Some authors might think editing is just re-reading your work, therefore not really necessary.
As a published author, I know what reading and re-reading is like. Our brains know what we meant to say or what our intention was. Therefore, when you read your own work you tend to skip over the mistakes as if they don’t even exist.
That’s why you need to hire a reputable, professional editor. Understanding what you are going through, yet wanting the best piece in the end he or she will take you through the complete process.
Publishers not only want books that are ready for print and devoid of as many errors as possible, but will overlook great works that come with too many mistakes.
Stay Tuned! Friday’s post will be Part Two…How to Find the Right Editor for Your Book.
Have you hired a professional Editor? Share your experience!
I interviewed a few people in the film industry for my website. All of the people offered me their assistance.
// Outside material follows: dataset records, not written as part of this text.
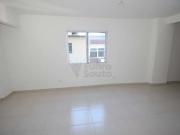 Apartamento para Locação em Pelotas/RS Centro 1 Quartos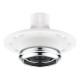 Rainshower Aqua Mist Формувач розпилення (26735000)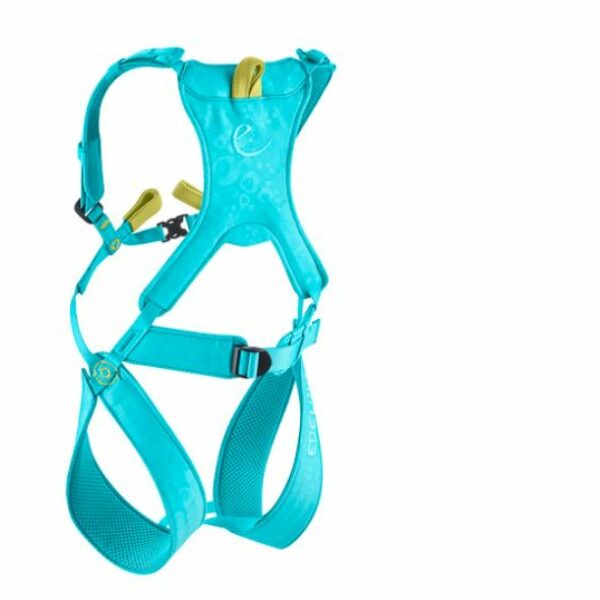 Edelrid Fraggle Kids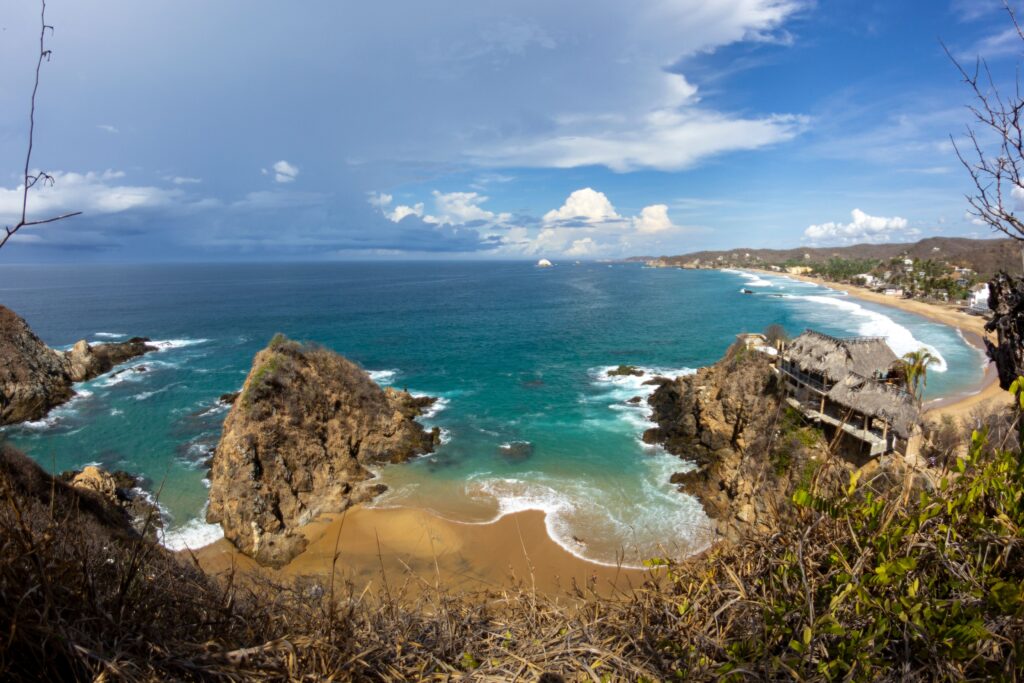 The Ultimate Guide to Timeshares in Ixtapa: Risks, Traps, and Exit Solutions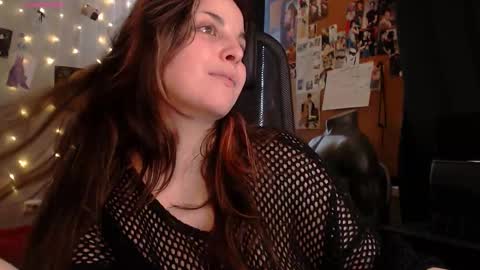 Saya online show from 10.09.25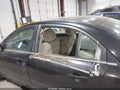 2006 Hyundai Sonata — photo 6 of 11 | VIN 5NPEU46F76H147800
I asked one of the script consultants to read one of my short films. Voila! My short film was critiqued three times in exchange for another interview. The information provided to me is invaluable and more helpful than any book I read.
Travel writers can do the same with editors. Interview an editor in exchange for a review of your article or manuscript. Note: he or she may not review your entire manuscript, just the first 10-50 pages. It’s better than nothing!